Anyone who thinks the publication of the ‘War Logs’ by Wikileaks, NYT, The Guardian and Der Spiegel, is an unalloyed good needs to think again. By and large what was leaked and subsequently posted was a public good. It’s a public good in that we now have a fuller picture of what’s really happening in AfPak and it’s aggregated in one place.

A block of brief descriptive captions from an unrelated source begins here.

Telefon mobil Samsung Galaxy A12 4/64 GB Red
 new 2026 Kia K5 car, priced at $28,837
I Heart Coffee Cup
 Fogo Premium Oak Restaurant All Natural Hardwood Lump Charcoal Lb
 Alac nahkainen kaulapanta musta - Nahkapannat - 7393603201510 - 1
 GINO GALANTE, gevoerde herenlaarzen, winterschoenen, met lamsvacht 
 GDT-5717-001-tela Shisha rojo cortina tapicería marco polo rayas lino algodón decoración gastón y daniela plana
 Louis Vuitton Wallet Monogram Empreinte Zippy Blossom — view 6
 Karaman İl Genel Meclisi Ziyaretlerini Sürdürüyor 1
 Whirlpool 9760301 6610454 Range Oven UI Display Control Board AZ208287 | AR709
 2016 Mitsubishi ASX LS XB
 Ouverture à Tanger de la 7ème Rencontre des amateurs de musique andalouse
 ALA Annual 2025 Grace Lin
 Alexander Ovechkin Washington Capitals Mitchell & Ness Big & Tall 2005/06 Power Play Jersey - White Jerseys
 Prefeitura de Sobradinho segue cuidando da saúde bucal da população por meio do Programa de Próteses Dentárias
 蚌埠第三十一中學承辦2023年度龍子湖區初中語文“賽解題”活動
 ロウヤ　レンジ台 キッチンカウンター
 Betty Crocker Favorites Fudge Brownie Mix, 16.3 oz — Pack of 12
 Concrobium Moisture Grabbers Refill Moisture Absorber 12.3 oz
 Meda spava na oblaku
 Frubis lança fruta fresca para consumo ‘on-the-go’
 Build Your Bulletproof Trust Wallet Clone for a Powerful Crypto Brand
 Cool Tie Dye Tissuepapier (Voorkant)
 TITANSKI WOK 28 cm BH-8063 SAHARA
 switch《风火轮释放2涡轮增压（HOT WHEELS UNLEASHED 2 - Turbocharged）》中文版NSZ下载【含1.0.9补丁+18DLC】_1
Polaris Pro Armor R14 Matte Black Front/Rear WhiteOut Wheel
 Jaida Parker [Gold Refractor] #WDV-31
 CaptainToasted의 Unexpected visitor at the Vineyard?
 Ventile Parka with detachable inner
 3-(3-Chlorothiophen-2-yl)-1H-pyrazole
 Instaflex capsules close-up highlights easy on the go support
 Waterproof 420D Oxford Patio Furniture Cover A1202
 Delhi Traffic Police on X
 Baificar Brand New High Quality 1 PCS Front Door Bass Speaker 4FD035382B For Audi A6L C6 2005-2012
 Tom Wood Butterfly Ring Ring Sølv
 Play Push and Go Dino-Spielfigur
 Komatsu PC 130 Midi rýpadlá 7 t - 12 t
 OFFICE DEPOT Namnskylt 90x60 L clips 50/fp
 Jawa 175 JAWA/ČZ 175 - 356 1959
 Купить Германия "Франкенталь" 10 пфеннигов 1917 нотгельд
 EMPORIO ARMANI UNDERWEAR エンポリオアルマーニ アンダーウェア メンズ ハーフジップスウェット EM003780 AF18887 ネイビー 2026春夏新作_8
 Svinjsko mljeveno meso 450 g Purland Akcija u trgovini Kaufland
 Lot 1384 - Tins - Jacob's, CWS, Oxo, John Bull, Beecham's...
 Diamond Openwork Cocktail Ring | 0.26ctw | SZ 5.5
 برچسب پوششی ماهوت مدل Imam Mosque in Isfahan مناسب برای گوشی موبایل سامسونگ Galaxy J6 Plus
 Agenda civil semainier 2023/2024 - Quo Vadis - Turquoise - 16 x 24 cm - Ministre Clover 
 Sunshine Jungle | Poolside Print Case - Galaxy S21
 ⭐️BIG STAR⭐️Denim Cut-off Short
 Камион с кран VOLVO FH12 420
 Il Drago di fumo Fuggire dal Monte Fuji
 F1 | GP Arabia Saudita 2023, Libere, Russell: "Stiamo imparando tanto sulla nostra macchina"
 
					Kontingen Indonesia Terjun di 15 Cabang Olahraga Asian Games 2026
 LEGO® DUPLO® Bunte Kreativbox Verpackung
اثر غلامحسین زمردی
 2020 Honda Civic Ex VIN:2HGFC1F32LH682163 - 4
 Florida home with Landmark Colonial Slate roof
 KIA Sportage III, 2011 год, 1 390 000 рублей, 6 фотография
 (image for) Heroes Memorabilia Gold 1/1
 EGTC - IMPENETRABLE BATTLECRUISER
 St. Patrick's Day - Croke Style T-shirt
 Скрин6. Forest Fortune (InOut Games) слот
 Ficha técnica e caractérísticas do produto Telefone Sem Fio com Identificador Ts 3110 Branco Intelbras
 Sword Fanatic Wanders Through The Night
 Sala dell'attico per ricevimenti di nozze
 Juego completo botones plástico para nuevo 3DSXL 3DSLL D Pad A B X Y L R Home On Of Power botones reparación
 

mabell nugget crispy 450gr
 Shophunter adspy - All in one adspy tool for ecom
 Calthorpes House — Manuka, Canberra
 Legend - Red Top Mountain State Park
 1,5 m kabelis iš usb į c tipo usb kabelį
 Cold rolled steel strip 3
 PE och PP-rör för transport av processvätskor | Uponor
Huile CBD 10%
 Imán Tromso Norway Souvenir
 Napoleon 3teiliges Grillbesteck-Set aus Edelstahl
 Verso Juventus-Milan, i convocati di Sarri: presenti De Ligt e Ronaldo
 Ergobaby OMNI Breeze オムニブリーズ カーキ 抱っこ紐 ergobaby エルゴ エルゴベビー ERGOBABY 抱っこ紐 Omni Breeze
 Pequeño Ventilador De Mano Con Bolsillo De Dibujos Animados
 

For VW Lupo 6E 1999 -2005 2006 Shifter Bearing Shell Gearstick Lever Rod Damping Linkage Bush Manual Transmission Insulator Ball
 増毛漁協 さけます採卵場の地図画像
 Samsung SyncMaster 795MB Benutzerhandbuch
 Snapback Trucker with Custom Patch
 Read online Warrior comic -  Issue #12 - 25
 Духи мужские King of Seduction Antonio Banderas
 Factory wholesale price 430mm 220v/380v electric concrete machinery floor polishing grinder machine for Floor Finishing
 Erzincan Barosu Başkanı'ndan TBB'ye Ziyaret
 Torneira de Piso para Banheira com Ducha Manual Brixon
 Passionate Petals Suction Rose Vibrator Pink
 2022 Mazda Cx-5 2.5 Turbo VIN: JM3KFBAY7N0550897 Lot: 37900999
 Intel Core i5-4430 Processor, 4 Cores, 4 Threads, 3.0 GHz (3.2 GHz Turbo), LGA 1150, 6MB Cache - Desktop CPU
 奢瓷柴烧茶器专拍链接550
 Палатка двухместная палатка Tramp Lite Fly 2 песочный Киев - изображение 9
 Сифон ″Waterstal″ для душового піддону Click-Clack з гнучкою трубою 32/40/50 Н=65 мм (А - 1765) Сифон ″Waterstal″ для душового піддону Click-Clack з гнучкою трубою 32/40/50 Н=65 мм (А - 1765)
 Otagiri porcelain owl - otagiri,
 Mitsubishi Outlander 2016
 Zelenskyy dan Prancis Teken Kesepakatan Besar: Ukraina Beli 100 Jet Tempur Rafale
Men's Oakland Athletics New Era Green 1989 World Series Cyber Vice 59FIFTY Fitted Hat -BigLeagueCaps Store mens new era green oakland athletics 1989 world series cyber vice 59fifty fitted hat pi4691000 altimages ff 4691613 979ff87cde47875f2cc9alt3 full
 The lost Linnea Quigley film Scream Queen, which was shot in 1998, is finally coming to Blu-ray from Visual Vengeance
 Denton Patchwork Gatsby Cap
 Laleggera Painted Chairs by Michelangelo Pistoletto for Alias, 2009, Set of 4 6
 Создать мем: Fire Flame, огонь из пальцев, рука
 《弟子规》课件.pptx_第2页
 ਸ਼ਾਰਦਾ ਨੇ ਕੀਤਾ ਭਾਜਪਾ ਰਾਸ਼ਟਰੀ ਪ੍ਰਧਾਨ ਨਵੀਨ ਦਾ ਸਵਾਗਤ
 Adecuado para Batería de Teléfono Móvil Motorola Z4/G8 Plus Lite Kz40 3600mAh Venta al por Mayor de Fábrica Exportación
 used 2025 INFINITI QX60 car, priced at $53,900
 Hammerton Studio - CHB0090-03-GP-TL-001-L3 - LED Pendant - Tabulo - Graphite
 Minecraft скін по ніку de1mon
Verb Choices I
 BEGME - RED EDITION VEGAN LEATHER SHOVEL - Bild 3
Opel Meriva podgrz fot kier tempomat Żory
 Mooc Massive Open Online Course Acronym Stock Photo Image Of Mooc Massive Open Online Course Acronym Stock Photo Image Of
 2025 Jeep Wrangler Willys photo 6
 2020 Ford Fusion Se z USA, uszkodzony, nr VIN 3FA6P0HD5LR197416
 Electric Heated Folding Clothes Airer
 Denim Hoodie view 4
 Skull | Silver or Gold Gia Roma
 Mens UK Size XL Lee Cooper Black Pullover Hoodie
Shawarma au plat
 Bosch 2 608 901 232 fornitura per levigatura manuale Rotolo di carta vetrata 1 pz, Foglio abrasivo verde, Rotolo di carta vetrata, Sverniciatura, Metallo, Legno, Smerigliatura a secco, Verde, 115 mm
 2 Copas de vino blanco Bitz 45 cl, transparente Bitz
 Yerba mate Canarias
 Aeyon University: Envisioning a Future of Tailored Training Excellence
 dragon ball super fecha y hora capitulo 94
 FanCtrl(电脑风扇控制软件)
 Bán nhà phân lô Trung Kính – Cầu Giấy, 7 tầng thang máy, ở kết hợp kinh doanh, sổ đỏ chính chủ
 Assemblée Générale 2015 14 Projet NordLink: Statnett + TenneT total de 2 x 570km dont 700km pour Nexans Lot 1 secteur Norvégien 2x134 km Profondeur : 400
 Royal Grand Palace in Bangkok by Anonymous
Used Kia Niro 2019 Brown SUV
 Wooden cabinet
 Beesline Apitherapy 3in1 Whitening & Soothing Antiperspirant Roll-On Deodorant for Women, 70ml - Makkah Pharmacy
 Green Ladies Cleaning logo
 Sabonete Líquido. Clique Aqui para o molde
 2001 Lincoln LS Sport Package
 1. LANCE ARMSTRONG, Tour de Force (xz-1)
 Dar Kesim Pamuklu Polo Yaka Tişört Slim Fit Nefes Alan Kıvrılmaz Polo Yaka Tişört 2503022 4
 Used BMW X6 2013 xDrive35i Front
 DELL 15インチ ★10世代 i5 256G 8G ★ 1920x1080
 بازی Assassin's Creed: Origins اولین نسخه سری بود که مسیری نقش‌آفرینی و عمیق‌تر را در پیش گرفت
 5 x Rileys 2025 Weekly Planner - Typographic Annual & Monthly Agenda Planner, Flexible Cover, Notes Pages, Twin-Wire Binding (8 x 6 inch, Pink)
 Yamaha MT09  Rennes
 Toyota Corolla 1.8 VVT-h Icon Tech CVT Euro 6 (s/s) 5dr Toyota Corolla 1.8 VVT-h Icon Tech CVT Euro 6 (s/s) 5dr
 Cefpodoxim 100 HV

However, there are some very real issues of OpSec. Wikileaks did not redact the names of many people in the reports it published. Why is that problematic? Well, just read this series of tweets by Joshua Foust (someone whom I trust when it comes to all things AfPak):
I hope Engineer Kareem has a safe place to hide in Ghazni, because Wikileaks has put his life in danger. http://ow.ly/2gFnJ
Bakwa Mafia, a local contractor working in Farah, is no longer safe because of Wikileaks. http://ow.ly/2gF61
Single data point: John Reynolds cannot travel to Pakistan again, ever, because of Wikileaks. http://ow.ly/2gEiq
That’s just a sample of what he found in a short time. It is simply unconscionable that these names were not redacted. There is no excuse for it. I’m appalled, actually. These people are very, very much at risk of death now. (And before someone chimes in with their “who cares, they are the military, after all,” well, what about the Afghan contractor who’s now been exposed working for the US? Or the local Afghan engineer? Dude’s just trying to feed his family. Do you want his blood on his hands so you can feel righteous?) What Wikileaks has done here is not only irresponsible, but immoral.
Look, on balance, I like what Assange is doing, but let’s not fool ourselves in thinking that everything Wikileaks, or Assange does is an unadulterated public good. It’s not. And it’s a shame that we have to rely on a brazen self-promoter like Assange to fill the vacuum the Versailles media has created.